The painting shows six "gentlemen" (French: Gentilshommes) dressed in red frock coats and black stockings which was the outfit for the countryside of the House of Orléans. The six gentlemen are (from left to right): The Chevalier de Gax, the Marquis de Périgny, the Chevalier de Saint-Mars, the Chevalier d’Estrées, the Baron de Tourempé and the Chevalier Desparts.

This painting belonged to Prince Emmanuel, Duke of Vendôme. It was sold at auction with part of the Duke's estate when he died in 1931. Today the painting belongs to the collection of the Musée Nissim de Camondo (Inv. CAM 568).

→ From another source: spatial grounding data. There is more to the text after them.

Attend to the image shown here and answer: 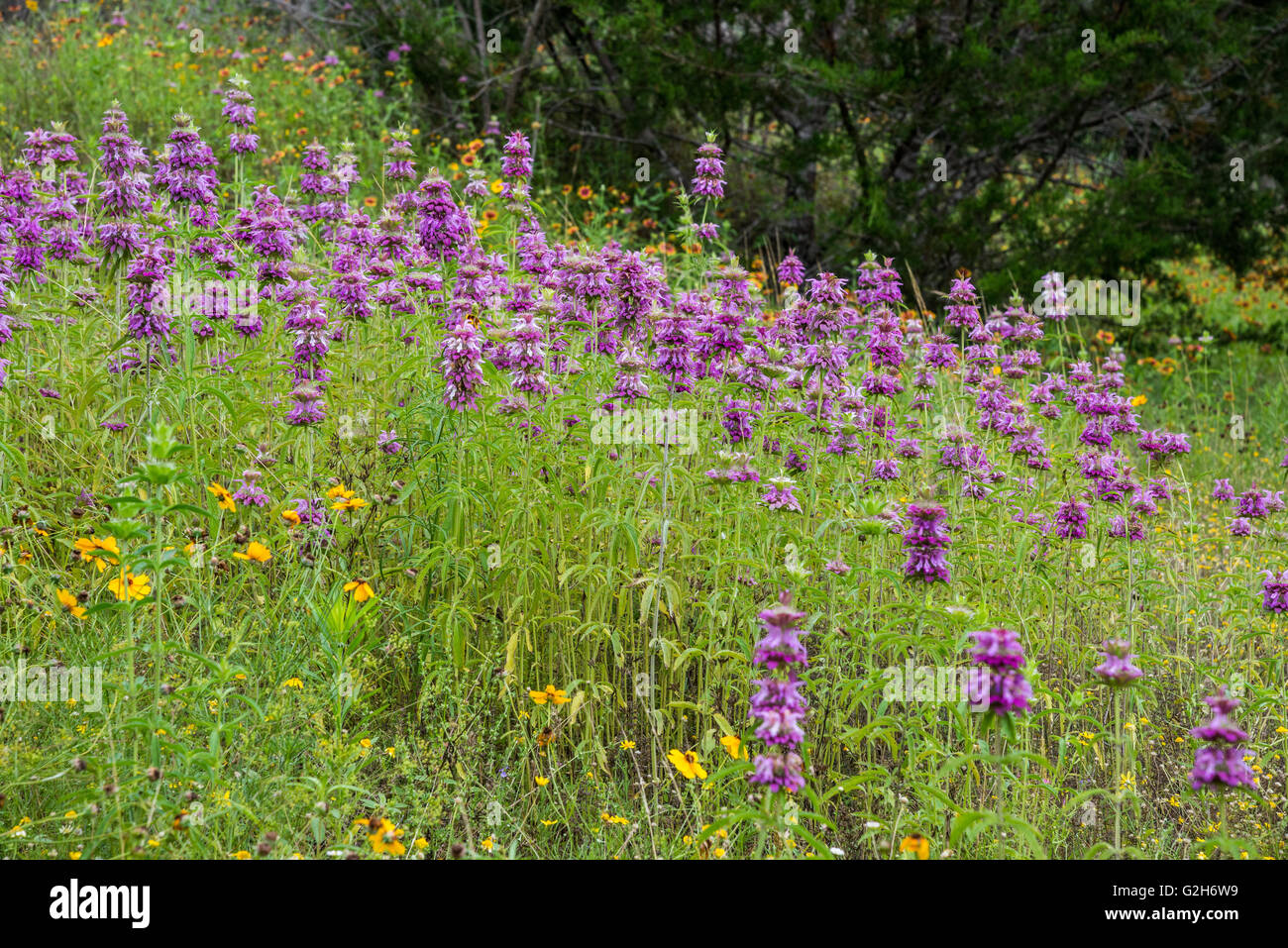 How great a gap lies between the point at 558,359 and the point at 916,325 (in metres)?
1.67

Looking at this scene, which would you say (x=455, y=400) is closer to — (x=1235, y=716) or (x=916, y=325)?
(x=916, y=325)

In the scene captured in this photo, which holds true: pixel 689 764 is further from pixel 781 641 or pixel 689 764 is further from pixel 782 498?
pixel 781 641

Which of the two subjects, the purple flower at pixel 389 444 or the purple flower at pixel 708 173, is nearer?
the purple flower at pixel 389 444

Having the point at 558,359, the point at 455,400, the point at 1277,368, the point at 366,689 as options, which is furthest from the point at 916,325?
the point at 1277,368

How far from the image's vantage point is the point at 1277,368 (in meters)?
9.02

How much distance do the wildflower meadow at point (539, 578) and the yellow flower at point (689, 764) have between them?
101 millimetres

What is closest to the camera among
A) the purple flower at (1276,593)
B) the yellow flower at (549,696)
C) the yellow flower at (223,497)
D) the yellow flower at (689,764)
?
the yellow flower at (689,764)

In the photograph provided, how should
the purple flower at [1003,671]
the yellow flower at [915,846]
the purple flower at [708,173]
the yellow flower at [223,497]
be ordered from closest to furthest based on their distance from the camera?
the purple flower at [1003,671], the yellow flower at [915,846], the yellow flower at [223,497], the purple flower at [708,173]

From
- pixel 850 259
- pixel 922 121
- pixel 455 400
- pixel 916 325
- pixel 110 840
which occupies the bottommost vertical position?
pixel 110 840

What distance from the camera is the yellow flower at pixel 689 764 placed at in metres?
2.82

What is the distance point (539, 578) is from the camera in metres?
3.29

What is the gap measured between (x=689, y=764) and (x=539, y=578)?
0.74m

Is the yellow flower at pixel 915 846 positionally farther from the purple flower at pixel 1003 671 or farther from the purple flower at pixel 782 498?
the purple flower at pixel 782 498

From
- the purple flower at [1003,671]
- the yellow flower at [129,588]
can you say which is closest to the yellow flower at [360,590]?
the yellow flower at [129,588] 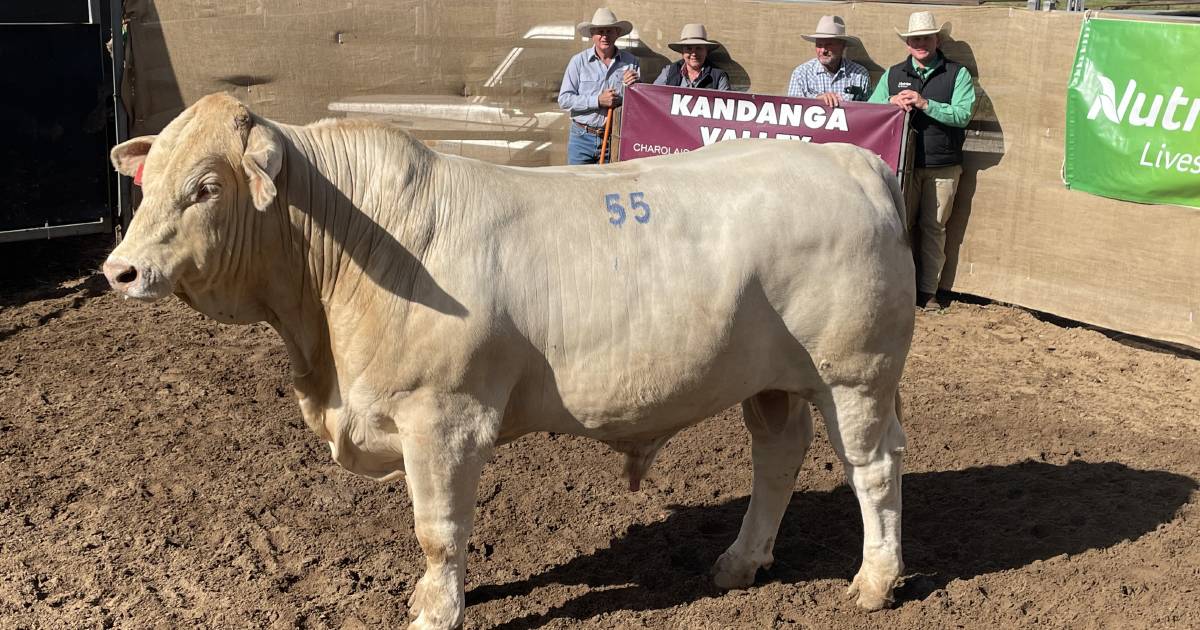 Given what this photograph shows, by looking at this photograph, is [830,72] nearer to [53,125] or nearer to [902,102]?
[902,102]

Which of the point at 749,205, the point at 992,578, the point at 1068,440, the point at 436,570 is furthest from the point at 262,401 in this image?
the point at 1068,440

In December 1987 an extract of the painting was the front cover of the magazine Vogue Décoration. The front cover showed the extract with the Chevalier de Gax (half of him), the Marquis de Périgny, the Chevalier de Saint-Mars and the Chevalier d’Estrées.

The painting is very popular and is often copied and re-used as a design for wallpaper, cushions et cetera.

On 29 September 2015 the original painting (gouache) by Louis Carrogis Carmontelle which belonged until this date to the estate of the late Comte de Paris (1908–1999), a descendant of the former Royal Family of France, and his wife the Comtesse de Paris (1911–2003), was sold by Sotheby's in Paris for EUR 531,000.